Vijaya Lakshmi Pandit

This biography, written by Rosalind Parr, has been republished with permission from the Dangerous Women Project, created by the Institute for Advanced Studies in the Humanities at the University of Edinburgh.

Born: 18 August 1900, India
Died: 1 December 1990
Country most active: India, International
Also known as: Swarup Nehru

When the Indian independence activist Vijaya Lakshmi Pandit applied for a passport to visit America in July 1944, alarm bells rang across the British Empire. The purpose of the visit, as described in her passport application, was personal, enabling Pandit, who had been recently widowed, ‘to have a quiet period’ with her two daughters who were at college in America. Wartime imperial officials, though, were under no illusions. Pandit was a prominent anti-colonial activist and, if permitted to go to America, she would undoubtedly use the opportunity to engage in damaging propaganda against British imperial rule. ‘We must regard Mrs. Pandit,’ wrote one official in Delhi, ‘as an enemy willing to traduce H.M.G. and the Government of India in every way possible in the U.S.A.’

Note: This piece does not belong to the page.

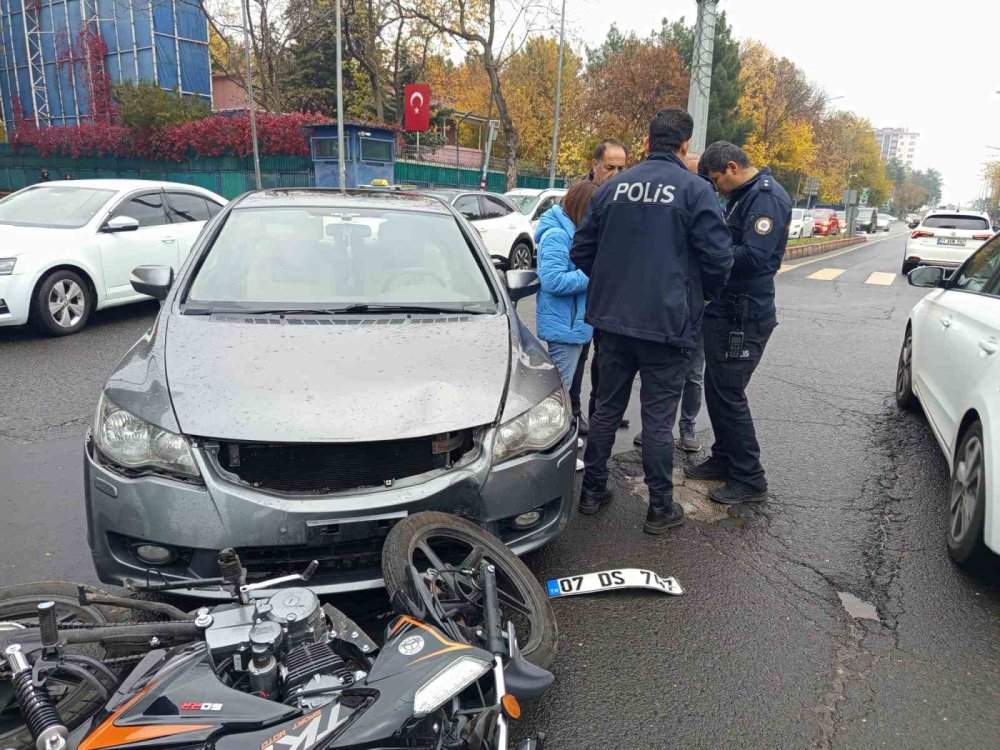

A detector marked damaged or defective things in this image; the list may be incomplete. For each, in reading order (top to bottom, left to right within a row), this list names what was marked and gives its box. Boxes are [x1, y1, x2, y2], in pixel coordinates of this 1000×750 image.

Pandit’s application created a dilemma for the British authorities. If she were allowed to travel she would be at liberty to publicise Indian nationalist grievances before an American audience. By drawing attention to the injustices of colonial rule, Pandit, it was feared, would undermine the unity of the Allied war effort, which was nominally built on a shared commitment to ‘rights’ and ‘freedom.’ Such a campaign might prompt unwelcome American pressure on Britain to withdraw from India, as well as stir up domestic tensions in India. On the other hand, British officials feared the propaganda value of any seemingly heavy-handed decision to refuse Pandit’s application. The authorities were particularly wary because the premature death of her husband, a political prisoner in India, a year earlier was understood to have been precipitated by colonial prison conditions. Either way, officials agreed, Pandit was dangerous.

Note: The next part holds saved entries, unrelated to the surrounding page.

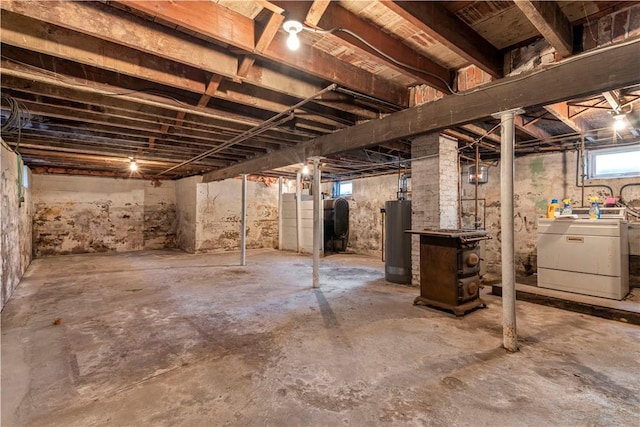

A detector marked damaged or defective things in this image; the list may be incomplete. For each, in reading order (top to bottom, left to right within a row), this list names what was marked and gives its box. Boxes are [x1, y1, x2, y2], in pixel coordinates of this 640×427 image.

moisture damaged wall [1, 145, 32, 310]
moisture damaged wall [32, 175, 176, 258]
moisture damaged wall [196, 178, 278, 252]
moisture damaged wall [460, 150, 640, 280]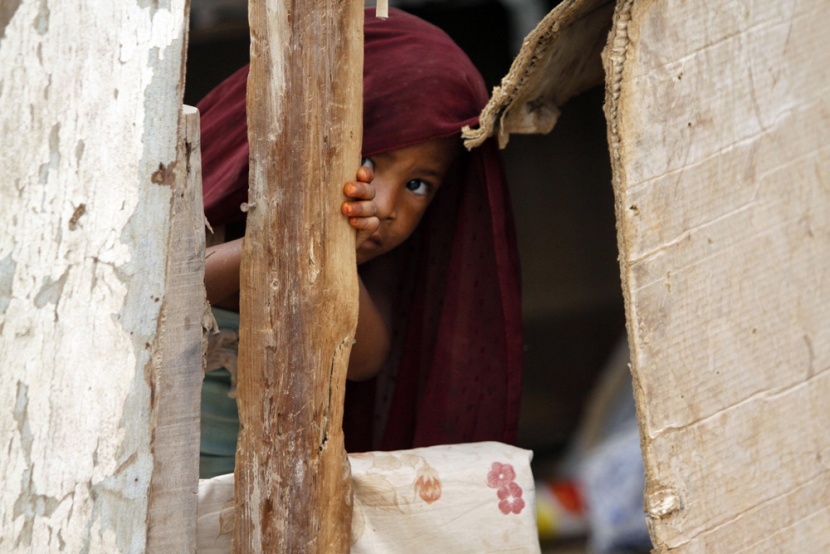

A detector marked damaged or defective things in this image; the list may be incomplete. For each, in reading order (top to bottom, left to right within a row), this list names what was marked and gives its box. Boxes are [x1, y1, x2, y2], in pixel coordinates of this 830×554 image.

torn cardboard edge [464, 0, 616, 149]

To the British, Pandit was dangerous because of who she was and what she represented. Born in Allahabad, North India in 1900, she was the eldest daughter of a wealthy nationalist family. Impeccably connected, her family had brought her into close association with M.K. Gandhi, and her brother, the eminent Indian National Congress leader Jawaharlal Nehru, was already a well-known figure in America. For her entire adult life she had been a Congress activist and politician – a career that included three periods of imprisonment and two years as India’s first woman Cabinet Minister in the United Provinces Provincial Government. A gilded upbringing, followed by years of activism and subsequent political office, had created a formidable communicator – a woman who was, as one official grudgingly described her, ‘educated, attractive, charming when she wishes’. Quick-witted and confident, she spoke English with an authoritative ‘Oxford accent’ and conveyed a passionate sense of injustice making her, according to intelligence officials, ‘the very person to interpret the Congress case to the American public.’

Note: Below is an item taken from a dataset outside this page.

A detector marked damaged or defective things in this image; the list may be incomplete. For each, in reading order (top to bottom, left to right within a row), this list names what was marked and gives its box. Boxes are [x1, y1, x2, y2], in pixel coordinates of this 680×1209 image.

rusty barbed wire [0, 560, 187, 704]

In the exclusively male space of the British bureaucracy, Pandit’s femininity was perceived as a mysterious, somewhat slippery asset. Her ‘undoubted feminine charm’ and ‘“sob-stuff” appeal’, it was implied, marked her out from the rational, reasoned world of male politics and gave her something of an unfair advantage. Pandit herself was not above using the ‘feminine charm’ her enemies found so dangerous, remarking mirthfully many years later that as a younger woman she had ‘used every weapon in my armory unashamedly.’
As an anti-colonialist, what made Pandit’s personal attributes so dangerous was the powerful symbolic value she possessed. If India could produce such a woman – educated, liberated, modern – the justification for colonial rule as a civilizing mission was easily defeated. Her very existence refuted the image, so favoured in imperialist propaganda, of the subjugated Indian woman – a victim of Indian culture that could only be saved by European civilization. Rather, she provided evidence of India’s ability to self-govern.
After weeks of indecision, Pandit’s passport application was approved. Fear of the political capital that might be made from the refusal to grant a recent widow access to her daughters ultimately overrode concerns about the effect of her propaganda in America.
When Pandit arrived in America in December 1944 she found sympathy, encouragement and ample opportunity for publicizing her anti-colonial message. Large receptions were held in her honour by prominent figures, including the novelist Pearl Buck, the Time magazine publisher Henry Luce, and the Chinese Consul General, at which Pandit spoke forcefully on ‘The India Question’. Such high profile connections exposed the contradictions at the heart of the American interventionist project, which at once purported to export American ideals of freedom while allying with the Imperialist power Great Britain.
As a speaker, Pandit consciously tapped into the global ideological ambitions of the interventionist lobby. To an audience of over nine hundred dinner guests at an event in New York in January 1945, for example, she made the claim for Indian independence in the name of ‘liberty’ for ‘suppressed peoples everywhere.’ Linking the Indian cause to anti-colonial movements elsewhere, she argued that ‘unless all people in all parts of the world are declared free and equal, there can be no peace and there can be no progress’.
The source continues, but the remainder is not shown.